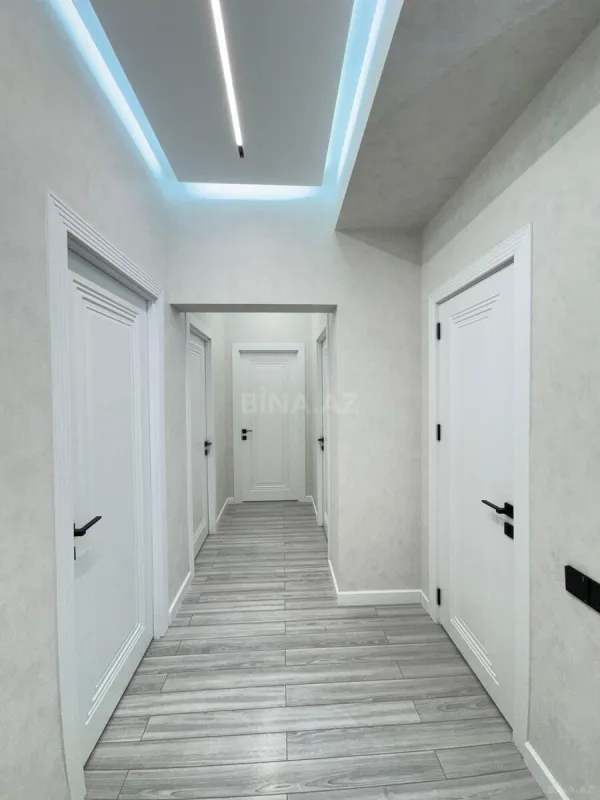 Satılır 3 otaqlı mənzil 110 m²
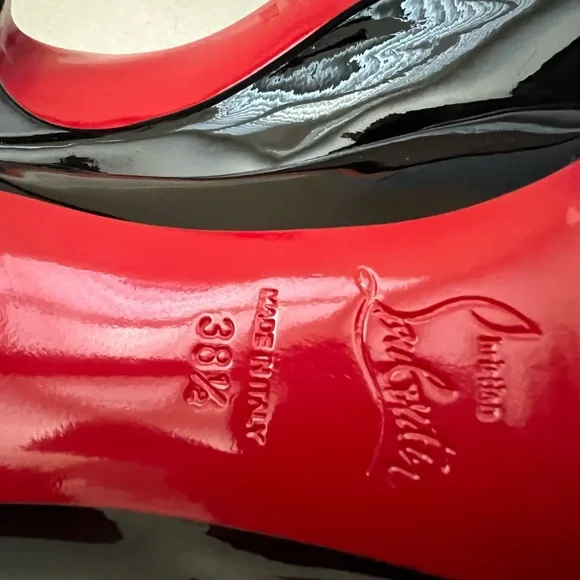 Christian Louboutin Glossy Black Heels - Picture 6 of 6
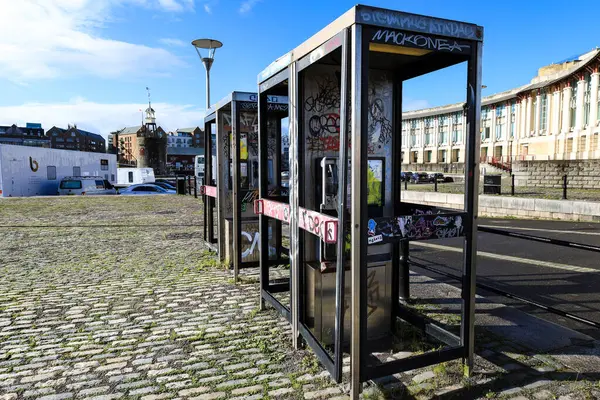英国布里斯托尔 2024年3月29日 布里斯托尔市Harbourside地区被毁和涂漆的电话亭 — 图库照片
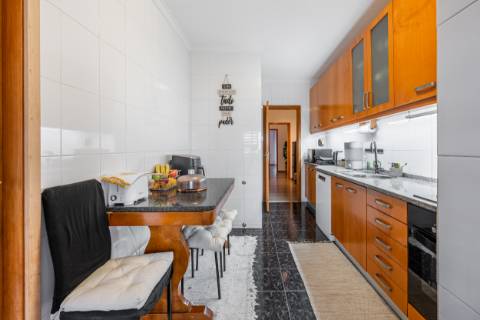 Apartamento T2+1 com Garagem e Arrumos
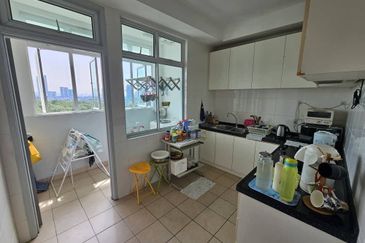 Golden Sands Seaview Residence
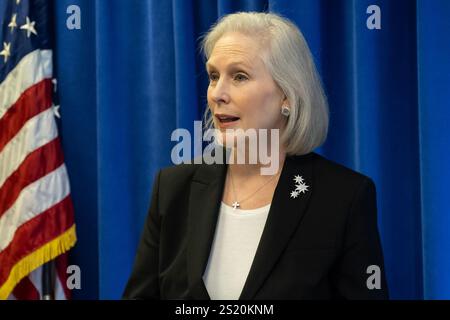 New York, NY, 5. Januar 2025: US-Senator Kirsten Gillibrand fordert Präsident Biden auf, den Archivar der Vereinigten Staaten anzuweisen, am 5. Januar 2025 das Equal Rights Amendment im Büro von Hew New York zu zertifizieren. Sie wurde von Julie Menin, Mitglied des New Yorker Stadtrates, Kate Kelly vom Center for American Progress und Sasha Ahuja von New Yorkers for Equal Rights begleitet. Quelle: Lev Radin/Alamy Live News Stockfoto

_ _ _ _

Your answer should contain all the material above, written out exactly, and none of the pictures.

## Response to this exercise
 Satılır 3 otaqlı mənzil 110 m²
 Christian Louboutin Glossy Black Heels - Picture 6 of 6
英国布里斯托尔 2024年3月29日 布里斯托尔市Harbourside地区被毁和涂漆的电话亭 — 图库照片
 Apartamento T2+1 com Garagem e Arrumos
 Golden Sands Seaview Residence
 New York, NY, 5. Januar 2025: US-Senator Kirsten Gillibrand fordert Präsident Biden auf, den Archivar der Vereinigten Staaten anzuweisen, am 5. Januar 2025 das Equal Rights Amendment im Büro von Hew New York zu zertifizieren. Sie wurde von Julie Menin, Mitglied des New Yorker Stadtrates, Kate Kelly vom Center for American Progress und Sasha Ahuja von New Yorkers for Equal Rights begleitet. Quelle: Lev Radin/Alamy Live News Stockfoto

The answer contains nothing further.